The standard ABV formula used by most home winemakers is:
ABV (%) = (OG − FG) × 131.25
The constant 131.25 comes from combining ethanol’s density (about 0.789 g/mL) with the relationship between gravity points and dissolved sugar concentration. This formula is accurate to within 0.2% for wines in the typical range of OG 1.070–1.120.
For high-gravity wines and meads (OG above 1.100), the calculator also shows the Miller formula, which corrects for the non-linear effect of high alcohol concentrations on density:
ABV (%) = (76.08 × (OG − FG) / (1.775 − OG)) × (FG / 0.794)
The difference between the two formulas is small for normal table wines but can reach 0.3–0.5% for a 16% port-style wine, where precision matters for labelling.
Worked example
A dry red wine starts at OG 1.090 (a Cabernet-style must) and ferments down to FG 0.995:
- Gravity drop: 1.090 − 0.995 = 0.095 (95 gravity points)
- Standard ABV: 0.095 × 131.25 = 12.47%
- Miller ABV: 12.51%
- Apparent attenuation: (90 − −5) ÷ 90 × 100 = ~94% (nearly fully dry)
- Residual sugar: ≈ 1.5 g/L (bone dry)
A semisweet Riesling at OG 1.100 fermenting to FG 1.020:
- Gravity drop: 0.080 (80 points)
- Standard ABV: 0.080 × 131.25 = 10.5%
- Residual sugar: ≈ 62 g/L (medium-sweet, noticeable sweetness on the palate)
| Style | OG | FG | ABV (std) | Sweetness |
|---|---|---|---|---|
| Bone-dry white | 1.075 | 0.993 | 10.7% | Dry |
| Classic dry red | 1.090 | 0.995 | 12.5% | Bone dry |
| Off-dry Riesling | 1.095 | 1.010 | 11.1% | Off-dry |
| Port-style | 1.130 | 1.030 | 13.1% | Sweet |
| Dry mead | 1.110 | 0.998 | 14.7% | Dry |
Temperature and refractometer notes
Hydrometers are calibrated at a specific temperature — usually 15 °C (59 °F) or 20 °C (68 °F) depending on the instrument. If your must or wine is warmer than calibration temperature, the reading will be slightly low; cooler, slightly high. A correction of roughly +0.001 SG per 5 °C above calibration is a good rule of thumb.

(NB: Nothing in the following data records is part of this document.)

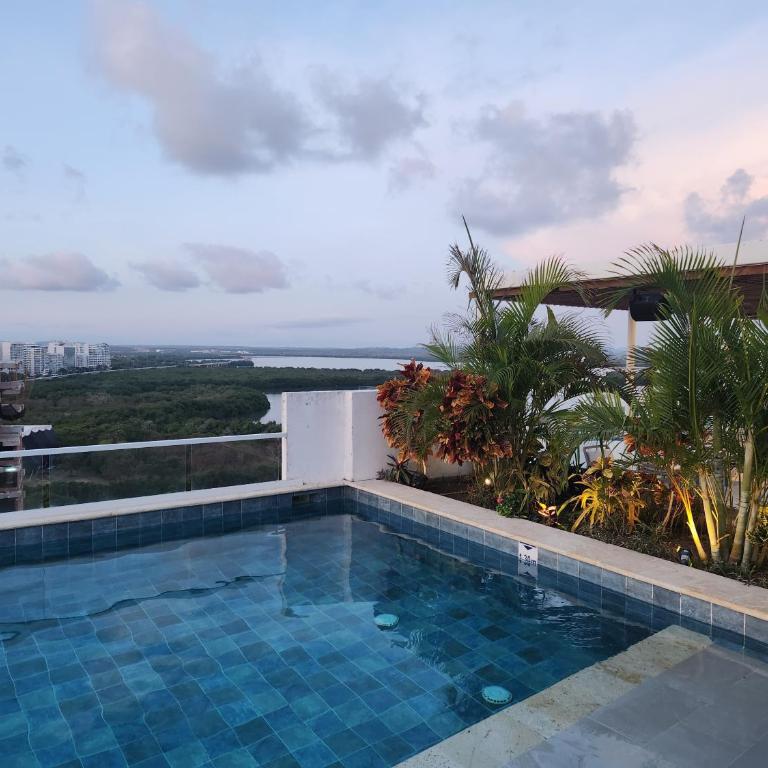 Cartagena Dominique1409 con Jacuzzi en balcón - Apartamento de 1 dormitorio - 30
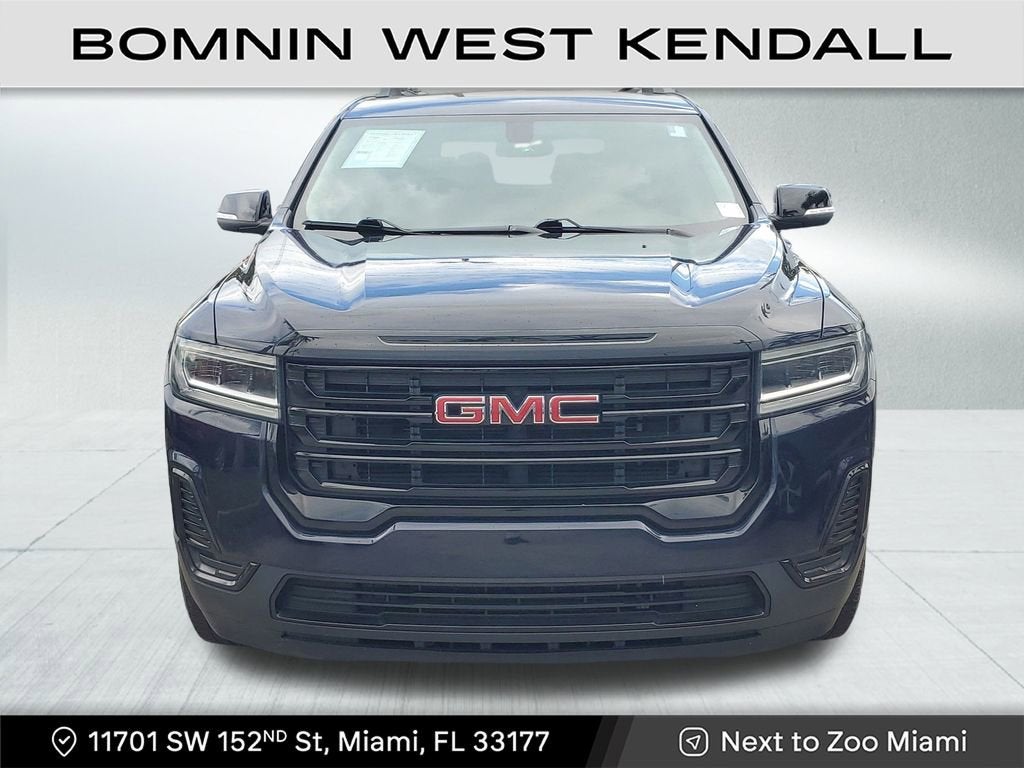 2021 GMC Acadia SLE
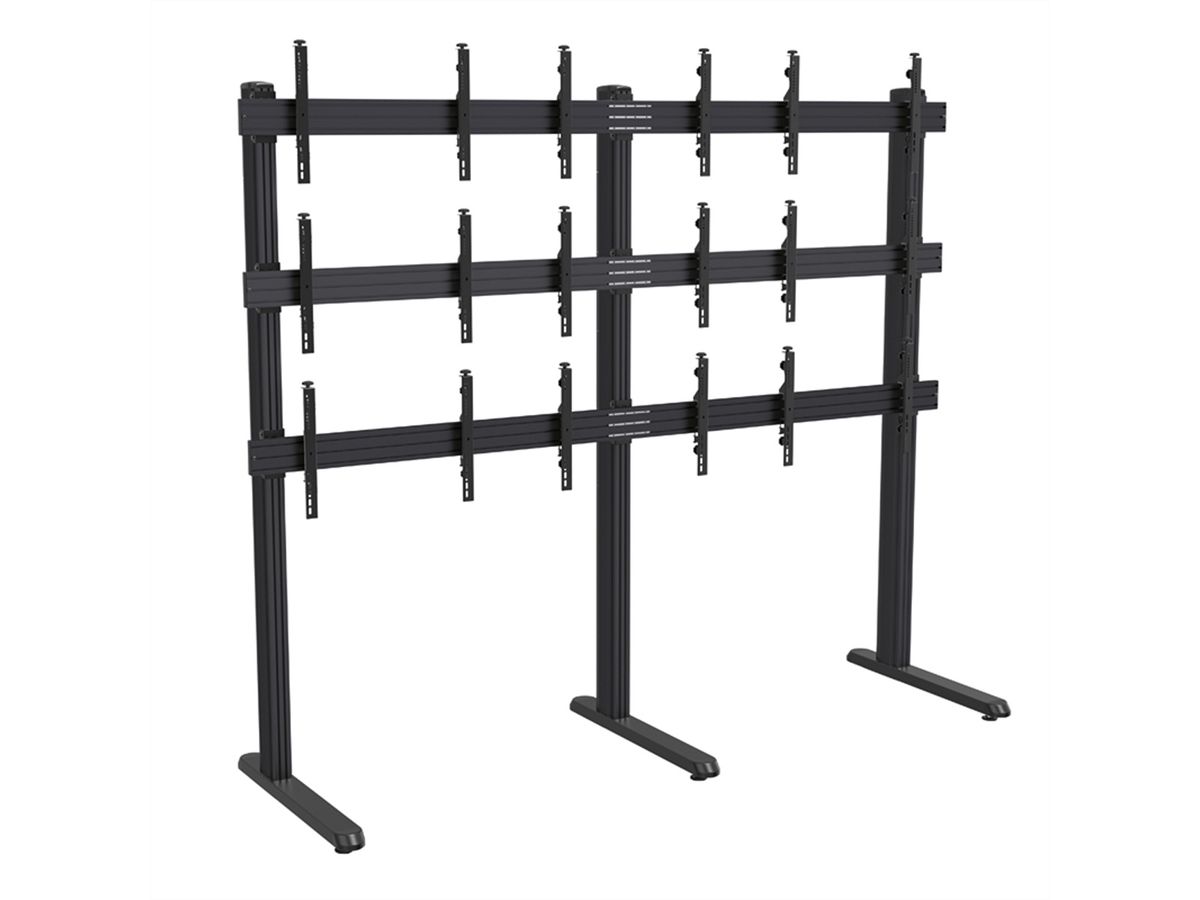 Hagor Pieds réglables CPS - Single Leveling Feet                     , noir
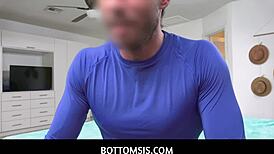 Bottomsis Riley Jean Takes Stepbrother Without Consent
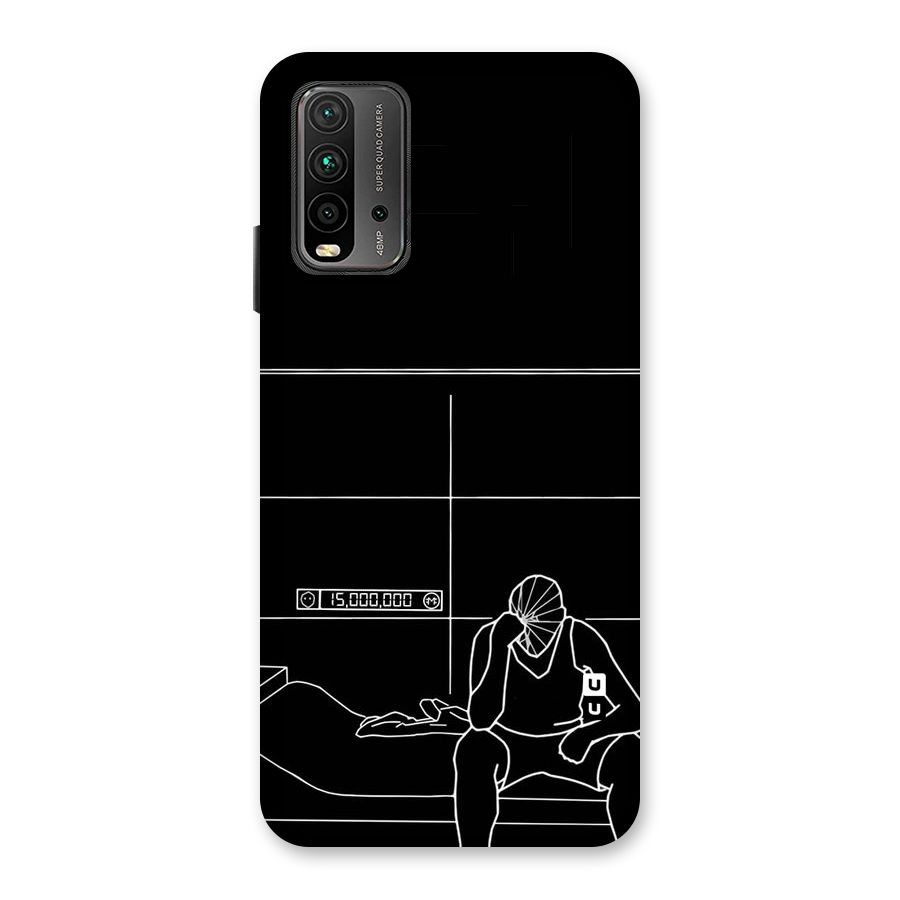 Teen Merits Back Case for Redmi 9 Power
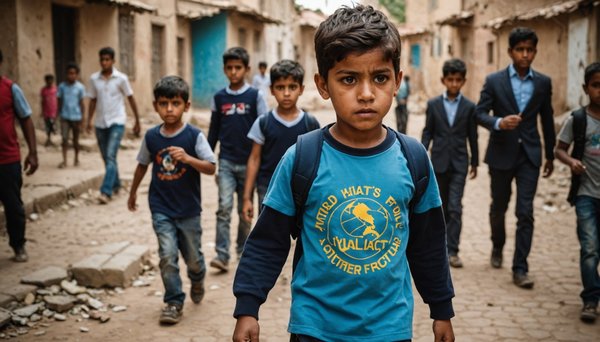 Journée mondiale des enfants victimes d'agressions : agir pour leur avenir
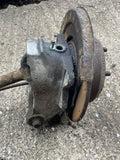 Daimler Jaguar X300 XJ40 Hub Carrier & Drive shaft. Rear Left
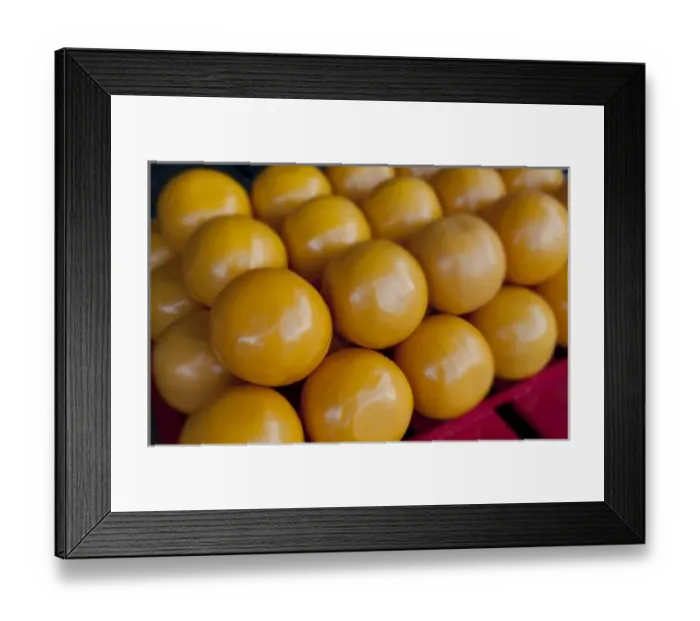 Framed Print : Museum of Cheese tourist attraction in Edam, the Netherlands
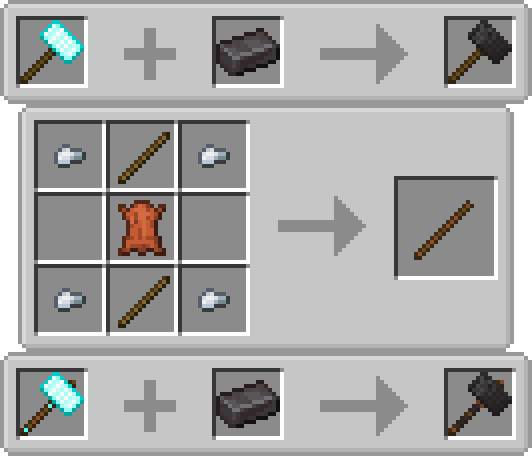 Hammers 3x3! [NEO/FORGE/FABRIC]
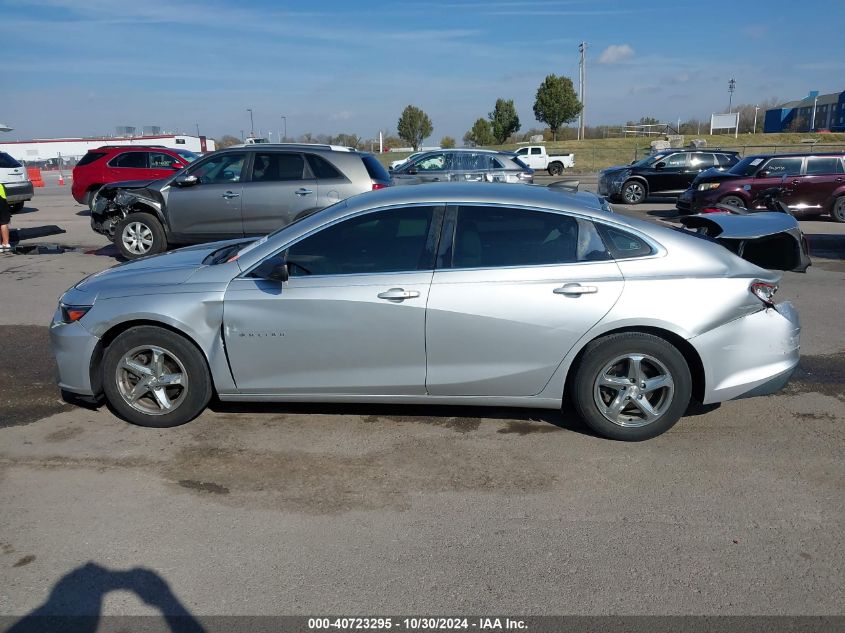 VIN 1G1ZB5ST9GF332251 2016 Chevrolet Malibu, LS no.14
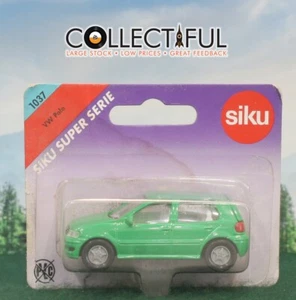 SIKU #1037 - VW POLO - DIECAST MODEL CAR - MINT ON CARD - 1:55🔥 - Picture 1 of 2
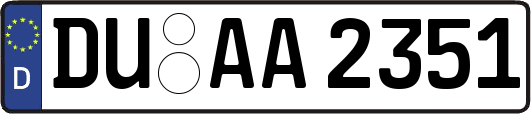 DU-AA2351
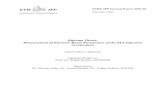 Diploma Thesis: Measurement of Electron-Beam-Parameters of ...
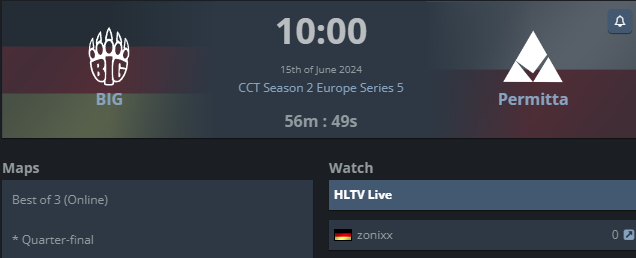 zonixxCS's tweet photo. Morgenshow mit dem Don eures Vertrauens! Der Watch Pate ist zu jeder Uhrzeit für euch da, also ab in den Stream! 🍿 https://t.co/TEklaUBqac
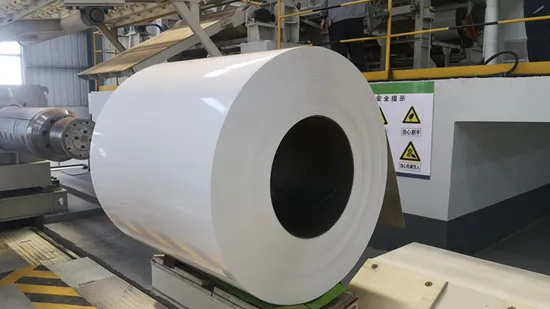 Prime Customized Blue Prepainted Galvanized Steel PPGI PPGL Sheet Roll in Coils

Refractometers measure the bending of light (refractive index) through the liquid. Before fermentation, Brix readings convert cleanly to specific gravity. After fermentation starts, dissolved alcohol distorts the reading, so refractometer Brix values for FG are estimates only — use a hydrometer for a precise final gravity.
All calculations run entirely in your browser. No readings are uploaded or stored.